From simulating the universe’s formation to developing machine learning-based technology of the future, modern scientific discoveries increasingly depend on our ability to rapidly perform computations on an extremely large amount of data. Graphics processing units (GPUs), or massively parallel computing devices with high memory bandwidth, are designed to handle such big data by using thousands of computing cores that operate together. In order for scientific applications to take advantage of this accelerated computing, they must be ported to and optimized on GPUs. However, because the GPU architecture is significantly different from that of traditional central processing units (CPUs), different programming techniques are required.
A learning model
In June 2017, the Computational Science Initiative (CSI) at the U.S. Department of Energy’s (DOE) Brookhaven National Laboratory hosted its first GPU hackathon, called “Brookathon,” to help bridge this learning gap. For five days, GPU programming experts from national labs, universities, and technology companies trained 10 teams of CPU-GPU system users on GPU programming techniques. Each team came with a different scientific application to accelerate on GPUs. The event was part of the Oak Ridge Leadership Computing Facility (OLCF)—a DOE Office of Science User Facility—GPU Hackathon series.

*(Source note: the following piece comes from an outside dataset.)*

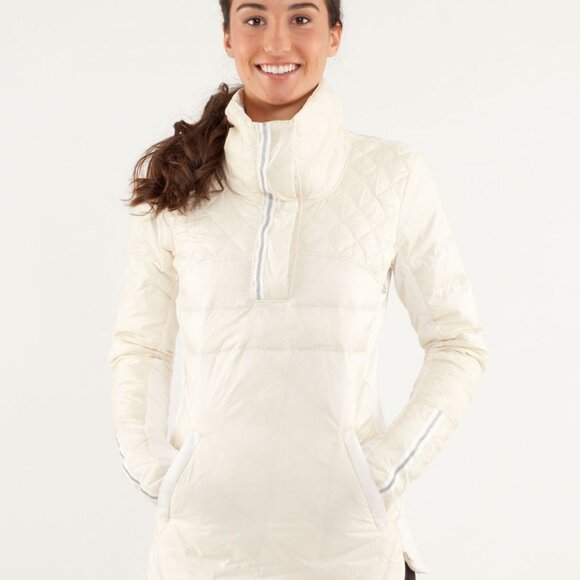 Lululemon Women's White Polar Cream What The Fluff Pullover Puffer Jacket Sz 6 - Picture 1 of 8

“Last year’s GPU hackathon was quite successful, with most teams achieving application performance improvements on GPUs,” said hackathon coordinator and co-organizer Meifeng Lin, a CSI computational scientist. “Given this success and the growing demand for using GPUs in scientific computing, CSI decided to offer the hackathon again this year.”
The event, held from Sept. 17–21, was one of seven hackathons in the 2018 OLCF GPU Hackathon series. It was jointly organized with DOE’s Oak Ridge National Laboratory (ORNL), Stony Brook University (SBU), the University of Delaware, and—new for this year—Fluid Numerics, LLC.
“Joseph Schoonover from Fluid Numerics was a mentor at last year’s Brookathon,” said Lin. “This year, he returned to help moderate the hackathon and provide some GPU resources for the participants to test their codes on the Google Cloud Platform.”
“It is really nice to stay at the cutting edge of the software and hardware that is available,” said Schoonover. “Every time that I’ve come to a hackathon, I’ve learned a lot about where this industry is headed and what we can do to catch people up.”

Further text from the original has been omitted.